Les ingénieurs de la bombe ont réalisé aussi ce qu’ils désignent sous le nom d’ « expériences complémentaires ». Ces expériences consistent à faire agir des explosifs chimiques sur de petites quantités de matières nucléaires, du plutonium notamment. Elles ont eu lieu en surface à Moruroa sur la zone dite « Arpège » à l’ouest de Denise.

Officiellement, selon le livre « La dimension radiologique des essais nucléaires », une « douzaine » de ces expériences ont été réalisées en 1970. Le plutonium pulvérisé par l’explosion a été dispersé sur le motu qu’il a fallu recouvrir de goudron. Par la suite, la zone a été bétonnée pour la construction d’installation de décontamination et de stockage de déchets radioactifs. Les débris de plutonium rassemblés à Arpège auraient été enfouis dans les puits de stockage de déchets radioactifs de haute activité PS1 et PS3 situés sous la zone Denise.

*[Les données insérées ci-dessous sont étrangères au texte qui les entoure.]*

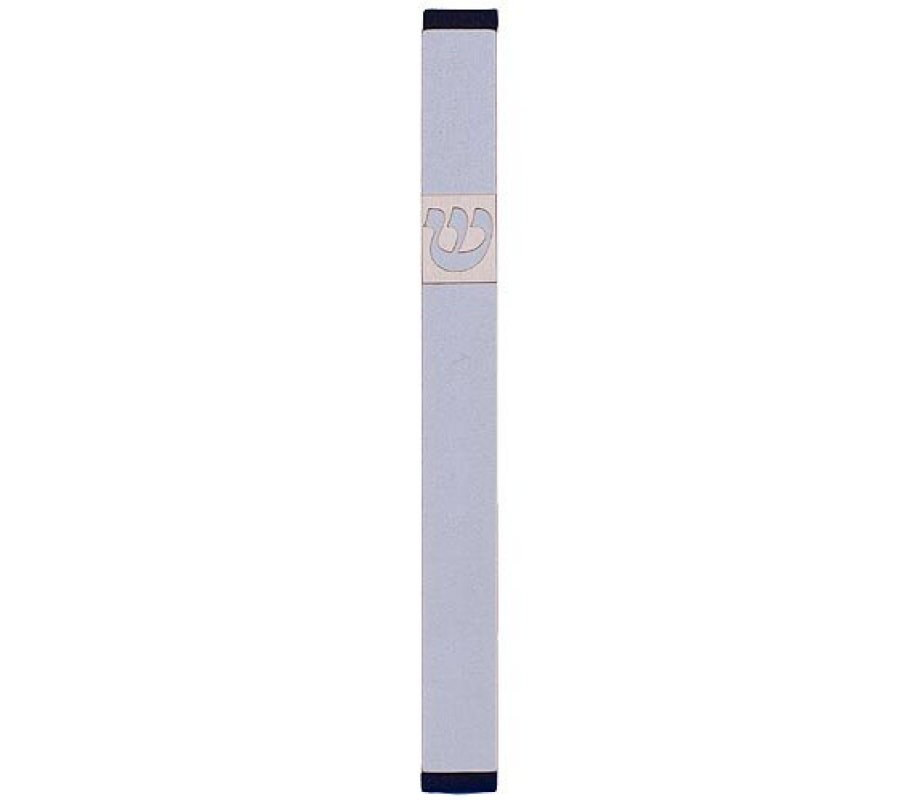 Pillar Mezuzah Case with Curving Shin in Light Colors, 6 Inches Height - Agayof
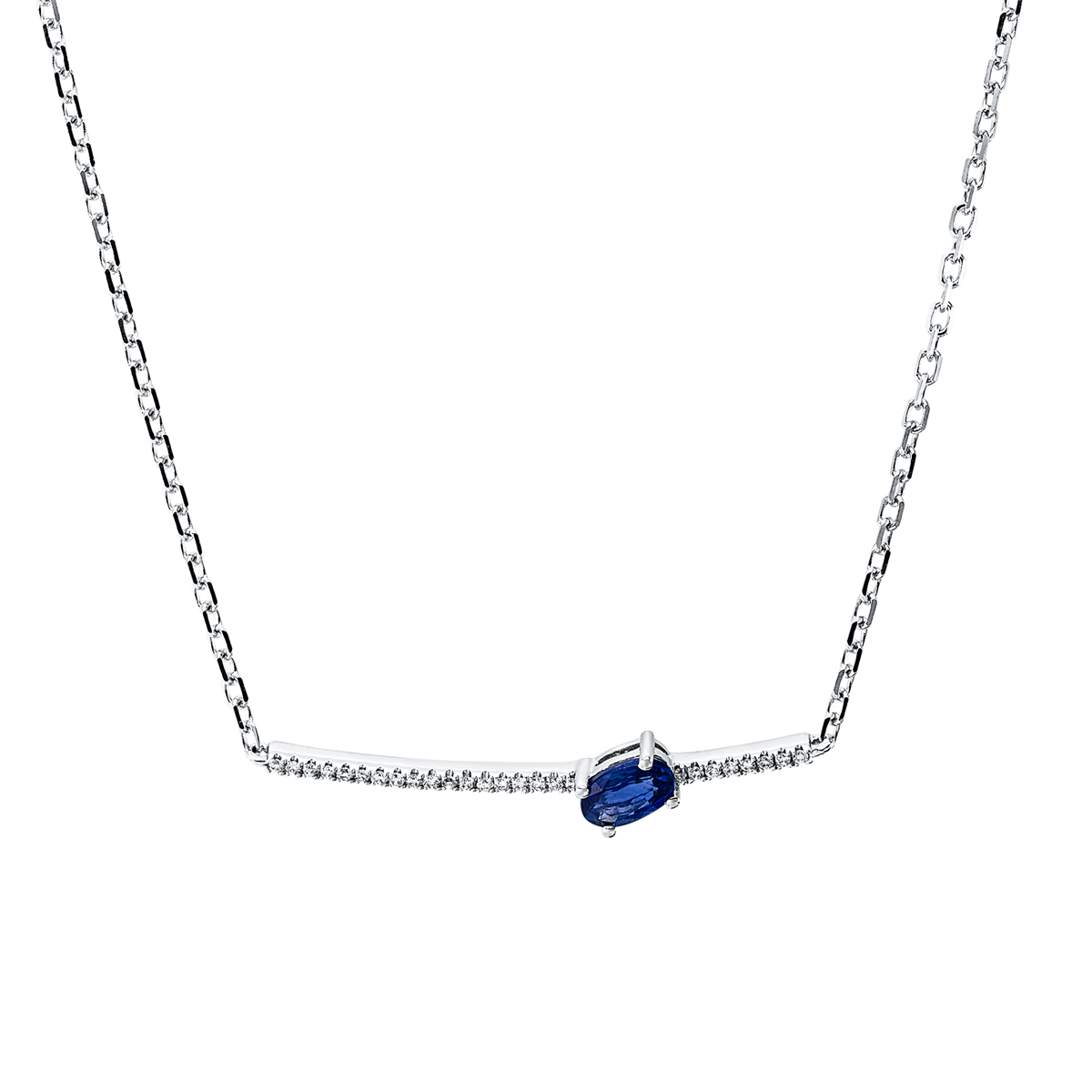 diamond full cut sapphire colored stone classic necklace in white gold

Comme ce fut le cas au Sahara, ces « expériences complémentaires » ont été très polluantes. Elles n’ont pas entraîné la mise en route de la réaction en chaîne nucléaire, mais la dispersion de fines particules de plutonium constitue de graves dangers en cas d’ingestion ou d’inhalation.

Par la suite d’autres expériences du même type ont été effectuées dans le blockhaus Meknès, construit en 1977 lui aussi sur la zone Denise. Deux expériences complémentaires « explosives » auraient été effectuées à l’intérieur de Meknès les 8 mars et 7 décembre 1978. C’est lors du nettoyage de la cuve intérieure de Meknès que se produisit, le 5 juillet 1979, l’accident qui fit deux morts et trois blessés graves (voir « Récits »).